School Principal Privately Admits What 'Anti-racist' Curriculum Is Doing to White Kids

By Leah Barkoukis

The head of an elite private school in New York City privately admitted to a teacher that the institution is “demonizing white people for being born."

The call between math teacher Paul Rossi, who was later relieved of his duties after publicly criticizing the school’s anti-racist orthodoxy, and George Davidson, head of Grace Church School, took place on March 2. The two discussed wokeness at the school and how it’s affecting white students.

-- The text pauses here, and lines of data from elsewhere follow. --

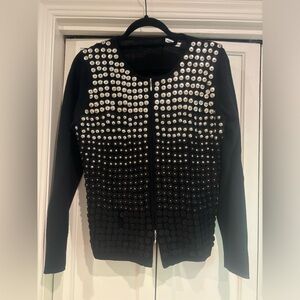 Long sleeve black wool sweater with metal studs. Zip up front from top & bottom.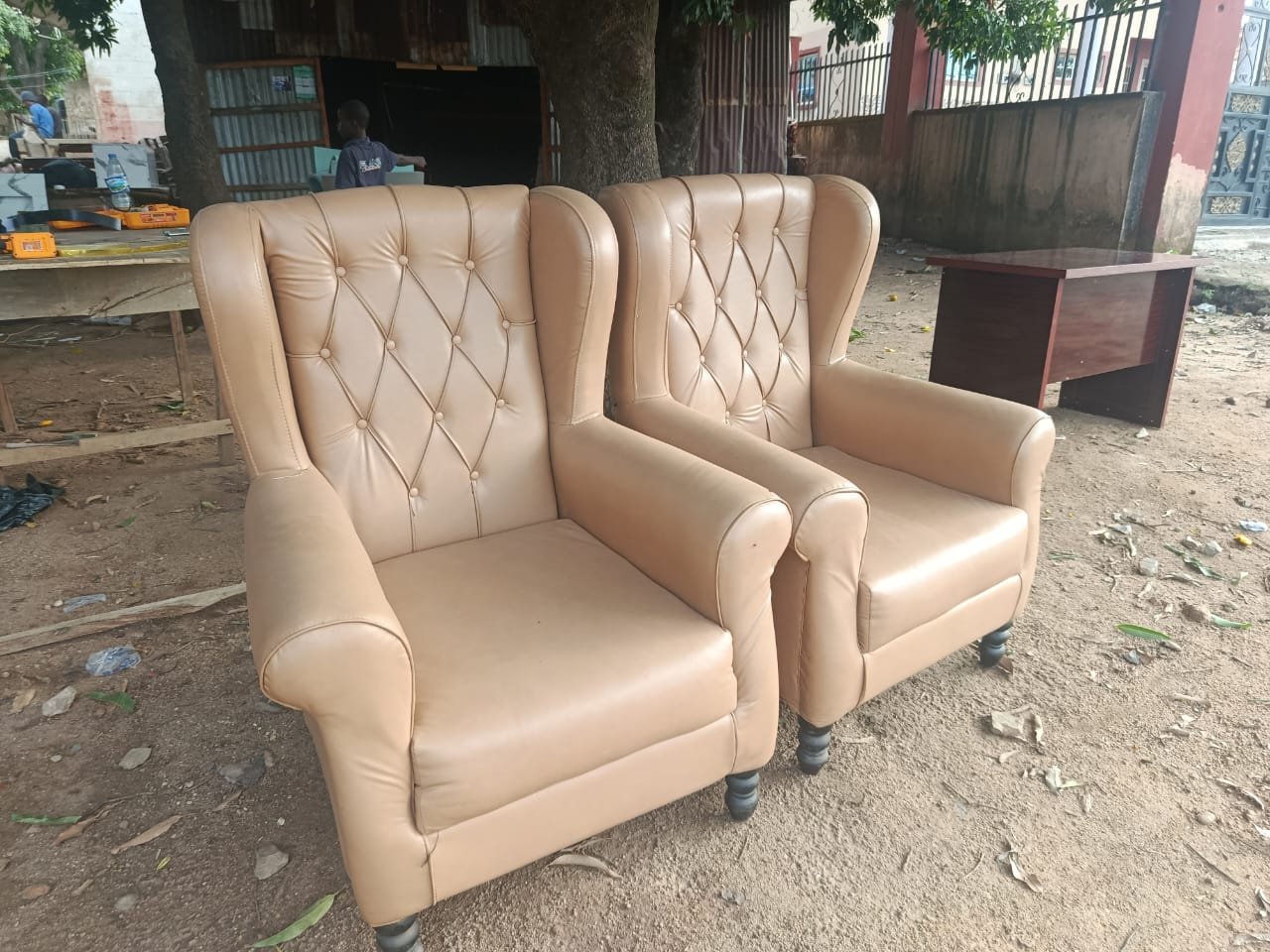 Vintage tufted tan wingback armchairs (pair)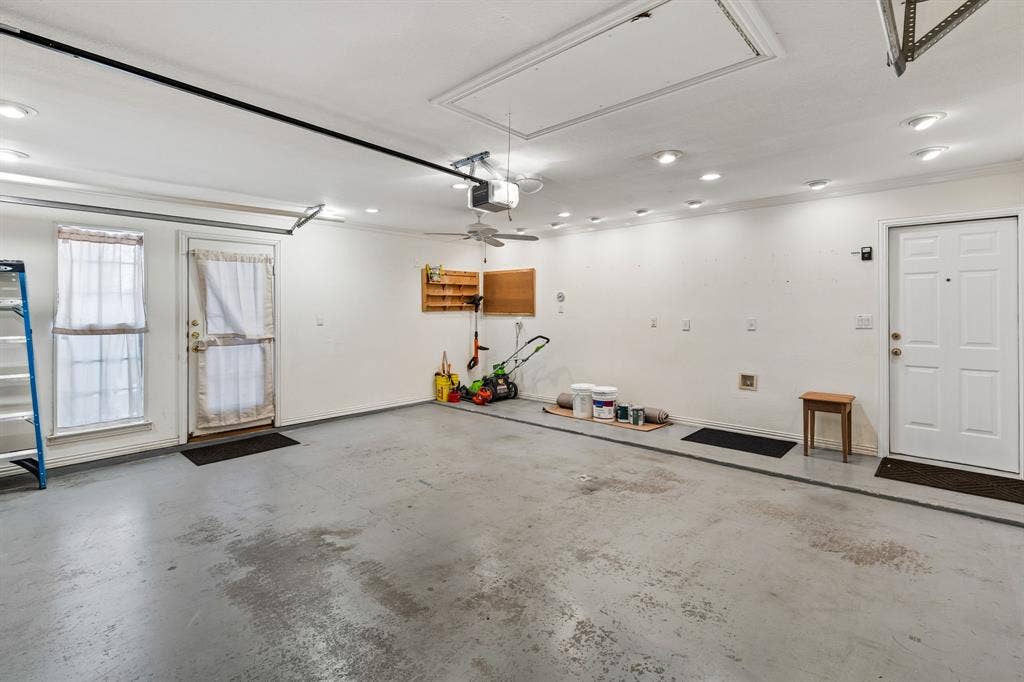 Garage has 220v connection, custom lighting, and door to side yard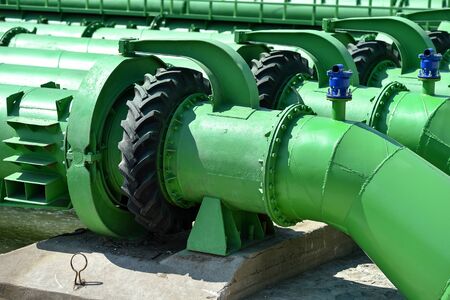 Industrial pipes used to pump water from a river to irrigate drought fieldsの写真素材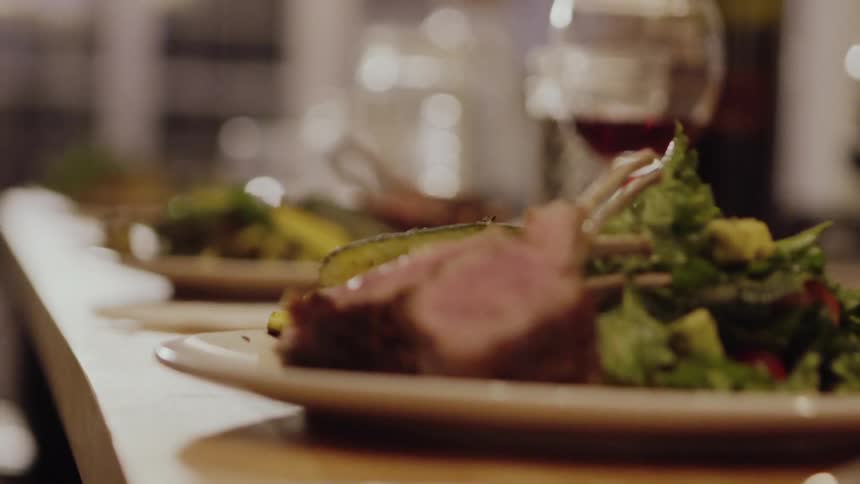 Plates of food and wine sit on a dinner table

"Let me ask you something, George, because I think there's something very different about having a single experience where you make sense of it, right, and having a teacher, an authority figure, talk to you endlessly, every year, telling you, that because you have whiteness you are associated with evils, all these different evils," Rossi says to him. “These are moral evils, it's not the same as taking like a physical thing, because it doesn't affect your moral value. That's the problem.”

“The fact is that I'm agreeing with you that there has been a demonization that we need to get our hands around, in the way in which people are doing this understanding,” Davidson responds.

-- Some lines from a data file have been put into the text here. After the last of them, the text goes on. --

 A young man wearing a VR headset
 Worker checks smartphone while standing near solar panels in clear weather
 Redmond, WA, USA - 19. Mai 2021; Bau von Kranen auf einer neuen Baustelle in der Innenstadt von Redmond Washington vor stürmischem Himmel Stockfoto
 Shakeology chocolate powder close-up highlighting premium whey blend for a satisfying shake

“So you agree that we're demonizing kids,” Rossi answers.

“We're demonizing ki—" Davison starts to say before cutting himself off, adding, “We're demonizing white people, for being born.”

“And are some of our students white people?” Rossi asks.

“Yes,” Davidson replies.

“Okay, so we're demonizing white kids,” Rossi says. “Why don't you just say it?”

"We are using language that makes them feel less than, for nothing that they are personally responsible for," Davidson responds.

The conversation was posted online by the civil rights organization Foundation Against Intolerance & Racism. FAIR is supporting Rossi, who was “relieved of his teaching duties” for his public criticism of the school on former New York Times editor Bari Weiss's Substack.

 On Monday, Rossi responded to the head of school's letter about him to his colleagues. 

"Grace's public story — the story it is telling to the press and to its own community — has been very different from what you have told me. In light of your statement that my essay 'contains glaring omissions and inaccuracies,' and in support of those who will inevitably be scared into silence by seeing the price I am now paying for speaking up, I am compelled to share what you have told me in our previous conversations."

According to the Daily Mail, a former parent at the school claimed students spend one week per month learning Critical Race Theory.